If you haven’t heard of a Galette, it’s just a fancy word for a rustic, free form tart or pie. So while it sounds fancy, it’s actually easier than having to make a pretty edge with a pie crust.
One bite of this Tomato Galette, that I developed for Country Crock® Plant Butter, and you’ll taste all the flavor of summer, right in your mouth. This Galette recipe takes full advantage of these beautiful tomatoes that are beyond plentiful right now. And if you happen to be from Jersey, like I am, you know how good our Jersey tomato bounty is. While my favorite way to eat a Jersey tomato is slathered with mayo and sandwiched between Farmers’ Market bread, or with warm fresh mozz and a drizzle of olive oil, sometimes you just want to do a little more.
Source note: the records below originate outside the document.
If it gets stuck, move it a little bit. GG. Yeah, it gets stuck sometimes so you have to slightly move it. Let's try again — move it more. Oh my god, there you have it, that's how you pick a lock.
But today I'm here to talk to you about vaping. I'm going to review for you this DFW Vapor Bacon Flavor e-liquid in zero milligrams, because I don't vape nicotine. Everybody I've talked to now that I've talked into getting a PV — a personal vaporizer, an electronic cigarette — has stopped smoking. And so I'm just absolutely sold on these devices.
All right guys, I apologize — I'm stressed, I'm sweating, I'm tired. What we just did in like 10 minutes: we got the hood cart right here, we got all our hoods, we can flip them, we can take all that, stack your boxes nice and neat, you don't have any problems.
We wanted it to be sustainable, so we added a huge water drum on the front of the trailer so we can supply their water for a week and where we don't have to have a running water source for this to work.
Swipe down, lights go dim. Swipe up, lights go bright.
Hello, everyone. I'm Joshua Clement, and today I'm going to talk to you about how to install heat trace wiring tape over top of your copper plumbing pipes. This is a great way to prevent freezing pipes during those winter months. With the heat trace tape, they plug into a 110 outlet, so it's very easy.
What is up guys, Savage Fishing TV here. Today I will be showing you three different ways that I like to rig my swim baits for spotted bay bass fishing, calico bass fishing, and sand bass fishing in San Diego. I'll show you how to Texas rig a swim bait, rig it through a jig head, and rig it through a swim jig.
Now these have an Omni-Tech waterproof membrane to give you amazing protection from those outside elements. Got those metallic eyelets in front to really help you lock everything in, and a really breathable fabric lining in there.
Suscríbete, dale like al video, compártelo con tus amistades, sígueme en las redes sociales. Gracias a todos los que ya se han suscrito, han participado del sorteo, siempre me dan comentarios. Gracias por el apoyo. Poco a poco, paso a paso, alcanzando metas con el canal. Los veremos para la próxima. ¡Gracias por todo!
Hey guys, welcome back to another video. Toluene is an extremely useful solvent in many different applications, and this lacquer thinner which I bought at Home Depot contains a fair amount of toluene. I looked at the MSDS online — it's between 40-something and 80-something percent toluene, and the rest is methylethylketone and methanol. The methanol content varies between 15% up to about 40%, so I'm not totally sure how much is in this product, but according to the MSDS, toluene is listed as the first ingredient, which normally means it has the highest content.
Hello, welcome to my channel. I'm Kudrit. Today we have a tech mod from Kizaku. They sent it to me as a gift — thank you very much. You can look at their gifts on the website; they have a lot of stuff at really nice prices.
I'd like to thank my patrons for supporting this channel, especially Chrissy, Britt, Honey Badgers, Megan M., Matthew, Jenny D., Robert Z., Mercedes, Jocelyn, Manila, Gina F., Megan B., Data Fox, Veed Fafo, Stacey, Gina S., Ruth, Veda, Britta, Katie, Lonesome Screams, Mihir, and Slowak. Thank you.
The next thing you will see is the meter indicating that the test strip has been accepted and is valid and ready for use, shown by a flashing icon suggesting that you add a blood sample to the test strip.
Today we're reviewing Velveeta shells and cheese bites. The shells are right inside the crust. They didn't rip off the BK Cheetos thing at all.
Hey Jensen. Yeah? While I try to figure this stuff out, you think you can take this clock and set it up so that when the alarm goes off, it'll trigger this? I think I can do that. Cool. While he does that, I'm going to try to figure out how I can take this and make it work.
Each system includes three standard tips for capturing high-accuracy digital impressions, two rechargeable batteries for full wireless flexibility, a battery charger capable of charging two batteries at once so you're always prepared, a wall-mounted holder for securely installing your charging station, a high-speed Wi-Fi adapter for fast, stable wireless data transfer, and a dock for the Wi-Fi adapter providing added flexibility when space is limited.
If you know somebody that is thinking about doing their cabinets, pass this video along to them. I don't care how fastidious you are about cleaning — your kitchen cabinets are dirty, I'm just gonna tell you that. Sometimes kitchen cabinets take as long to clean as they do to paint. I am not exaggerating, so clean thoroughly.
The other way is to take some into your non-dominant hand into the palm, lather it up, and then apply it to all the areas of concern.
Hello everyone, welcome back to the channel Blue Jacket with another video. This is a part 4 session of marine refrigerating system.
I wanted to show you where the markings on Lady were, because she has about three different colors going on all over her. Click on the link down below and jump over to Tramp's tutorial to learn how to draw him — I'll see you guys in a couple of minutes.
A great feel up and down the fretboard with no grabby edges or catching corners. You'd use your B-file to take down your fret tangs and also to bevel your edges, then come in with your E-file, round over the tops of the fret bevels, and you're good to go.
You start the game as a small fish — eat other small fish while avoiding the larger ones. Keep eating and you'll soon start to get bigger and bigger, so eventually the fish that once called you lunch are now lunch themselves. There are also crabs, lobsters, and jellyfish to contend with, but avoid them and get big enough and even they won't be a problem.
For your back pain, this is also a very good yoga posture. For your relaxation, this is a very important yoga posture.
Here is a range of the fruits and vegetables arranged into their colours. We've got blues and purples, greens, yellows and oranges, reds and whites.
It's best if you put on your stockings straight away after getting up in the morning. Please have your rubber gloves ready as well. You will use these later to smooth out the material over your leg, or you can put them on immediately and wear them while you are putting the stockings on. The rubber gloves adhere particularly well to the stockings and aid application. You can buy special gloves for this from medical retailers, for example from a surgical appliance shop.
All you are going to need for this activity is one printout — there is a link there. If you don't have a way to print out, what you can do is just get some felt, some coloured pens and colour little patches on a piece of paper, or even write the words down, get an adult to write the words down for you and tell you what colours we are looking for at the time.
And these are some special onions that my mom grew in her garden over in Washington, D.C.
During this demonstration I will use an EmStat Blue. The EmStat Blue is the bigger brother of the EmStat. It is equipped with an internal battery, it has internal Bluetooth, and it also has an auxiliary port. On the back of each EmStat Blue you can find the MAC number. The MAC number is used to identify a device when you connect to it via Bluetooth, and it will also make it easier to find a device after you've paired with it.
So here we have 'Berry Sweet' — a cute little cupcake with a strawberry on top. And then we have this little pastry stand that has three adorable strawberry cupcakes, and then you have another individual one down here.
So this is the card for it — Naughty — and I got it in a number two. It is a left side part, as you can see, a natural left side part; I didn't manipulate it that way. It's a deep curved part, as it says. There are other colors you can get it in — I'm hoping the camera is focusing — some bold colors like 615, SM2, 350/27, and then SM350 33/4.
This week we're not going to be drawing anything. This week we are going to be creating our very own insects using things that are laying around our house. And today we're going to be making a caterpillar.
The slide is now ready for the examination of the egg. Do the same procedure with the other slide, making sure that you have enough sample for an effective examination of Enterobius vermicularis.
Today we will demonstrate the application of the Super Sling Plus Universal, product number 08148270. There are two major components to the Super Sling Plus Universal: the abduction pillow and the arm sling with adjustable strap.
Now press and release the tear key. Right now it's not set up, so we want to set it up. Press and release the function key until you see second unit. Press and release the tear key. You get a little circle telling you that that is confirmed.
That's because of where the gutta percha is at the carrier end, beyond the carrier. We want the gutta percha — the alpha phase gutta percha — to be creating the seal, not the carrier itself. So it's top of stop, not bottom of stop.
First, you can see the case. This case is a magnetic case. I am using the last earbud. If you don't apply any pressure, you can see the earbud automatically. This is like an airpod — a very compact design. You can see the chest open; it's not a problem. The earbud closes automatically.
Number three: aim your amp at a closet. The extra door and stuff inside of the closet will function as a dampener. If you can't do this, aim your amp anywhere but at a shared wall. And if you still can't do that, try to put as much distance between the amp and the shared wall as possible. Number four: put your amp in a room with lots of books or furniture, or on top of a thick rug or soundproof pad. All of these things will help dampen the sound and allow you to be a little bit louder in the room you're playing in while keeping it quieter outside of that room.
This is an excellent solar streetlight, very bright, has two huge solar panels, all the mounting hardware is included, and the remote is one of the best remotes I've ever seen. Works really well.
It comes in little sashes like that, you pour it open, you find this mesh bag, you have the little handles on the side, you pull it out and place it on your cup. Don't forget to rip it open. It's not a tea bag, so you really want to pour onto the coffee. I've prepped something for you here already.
This Galette elevates the tomato, without requiring too much effort. Sweet onions, caramelized to perfection, add another dimension of flavor to the ripe summer tomatoes that are layered on top of a free form pastry crust. Thyme, fresh from the garden, enhances the flavors of both the onion and tomato.
One thing I really love about this dish is the versatility. A layer of vegan or traditional cheese makes it hearty enough for a light dinner, but it’s also great to serve as an appetizer, side dish or for brunch.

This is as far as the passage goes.